WHAT IS EXPECTED
Copy each line below exactly and leave the pictures out.

SUPPLIED RECORDS
---+---

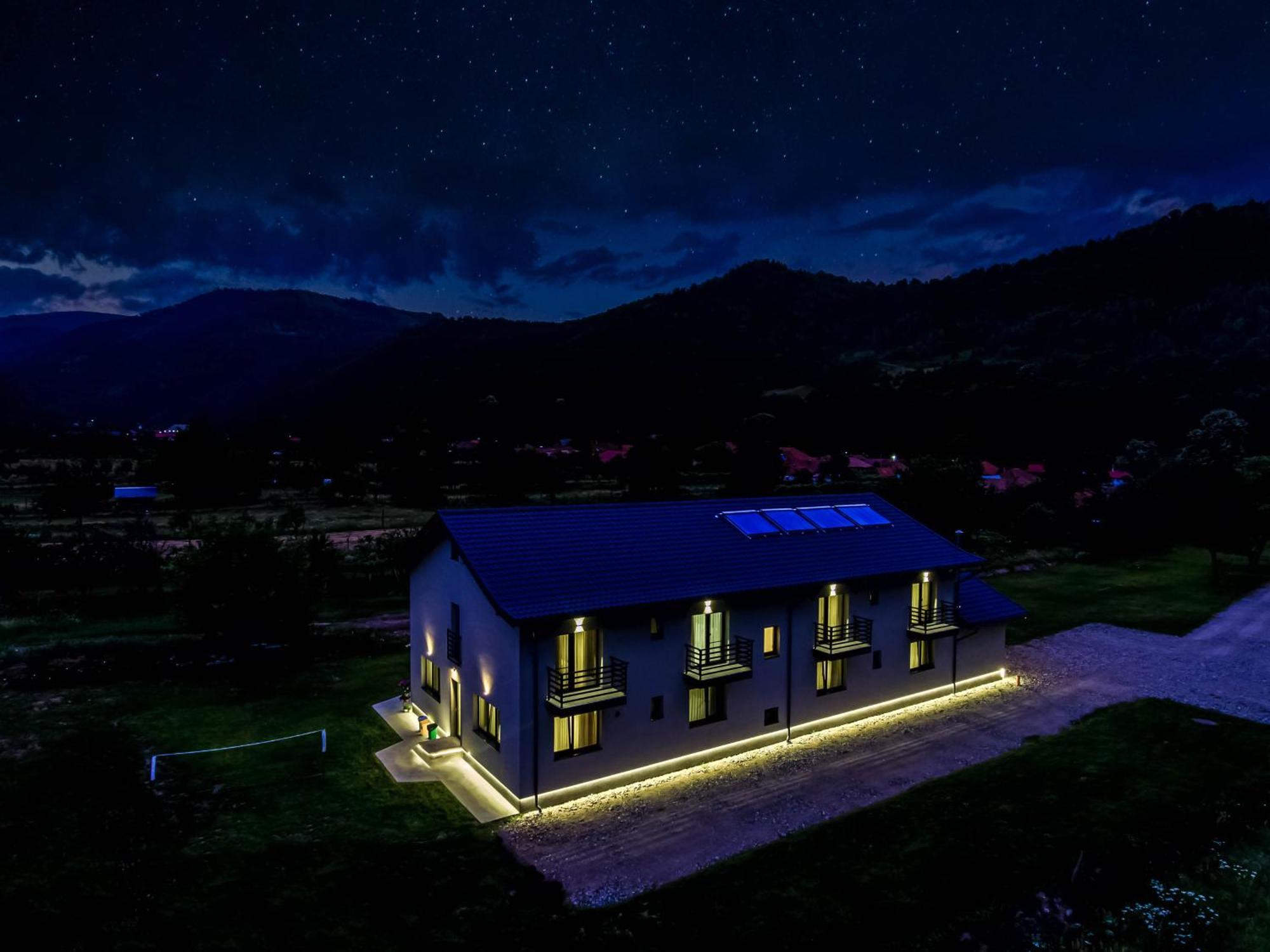 Hotel Transalpina Retreat Novaci-Străini Esterno foto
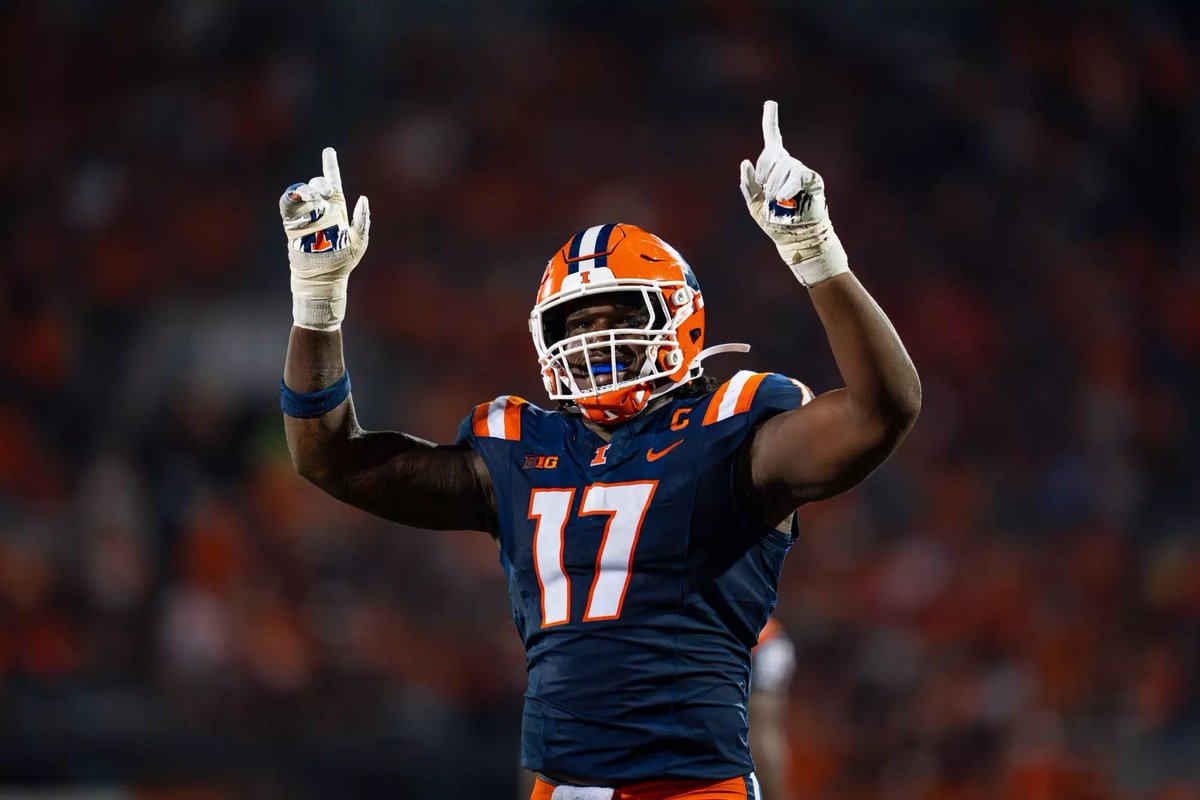 CollegeFBPortal's tweet photo. NEW: New England Patriots are selecting Illinois DE Gabe Jacas with the No. 55 pick #nfldraft  🚨 https://t.co/3MMZwwRl8M
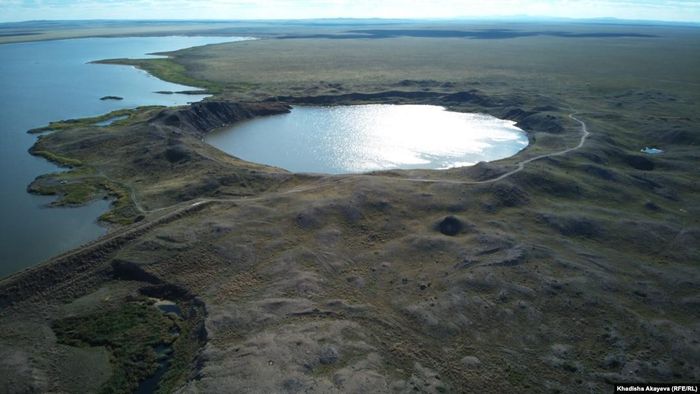 Miệng hố và các dấu tích của hoạt động thử hạt nhân tại bãi thử Semipalatinsk, Kazakhstan. Ảnh: The Official CTBT Organization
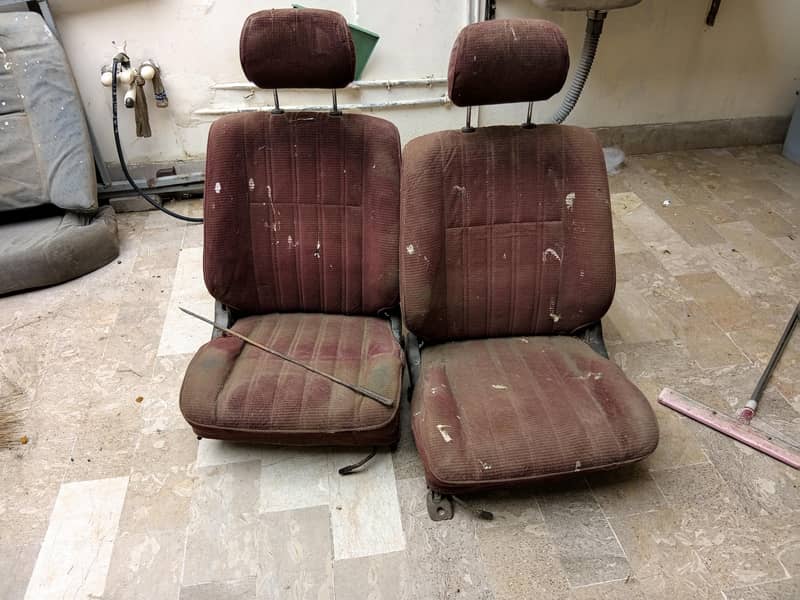 seat. 1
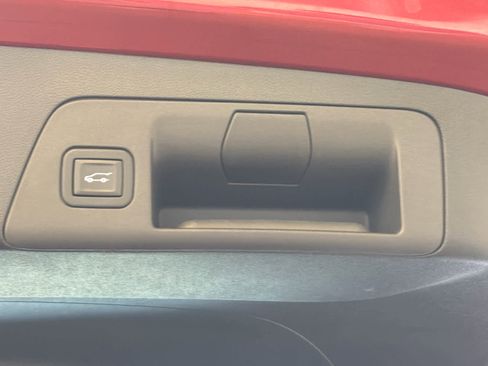 Used 2023 Buick Envision Essence FWD image 8
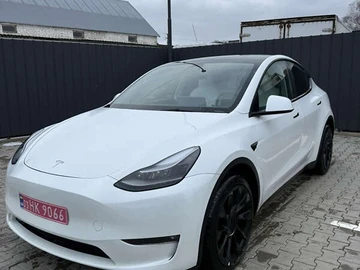 Авто Tesla Model Y 2023 № 8512418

---+---

ANSWER TO THE PROBLEM
 Hotel Transalpina Retreat Novaci-Străini Esterno foto
 CollegeFBPortal's tweet photo. NEW: New England Patriots are selecting Illinois DE Gabe Jacas with the No. 55 pick #nfldraft  🚨 https://t.co/3MMZwwRl8M
 Miệng hố và các dấu tích của hoạt động thử hạt nhân tại bãi thử Semipalatinsk, Kazakhstan. Ảnh: The Official CTBT Organization
 seat. 1
 Used 2023 Buick Envision Essence FWD image 8
 Авто Tesla Model Y 2023 № 8512418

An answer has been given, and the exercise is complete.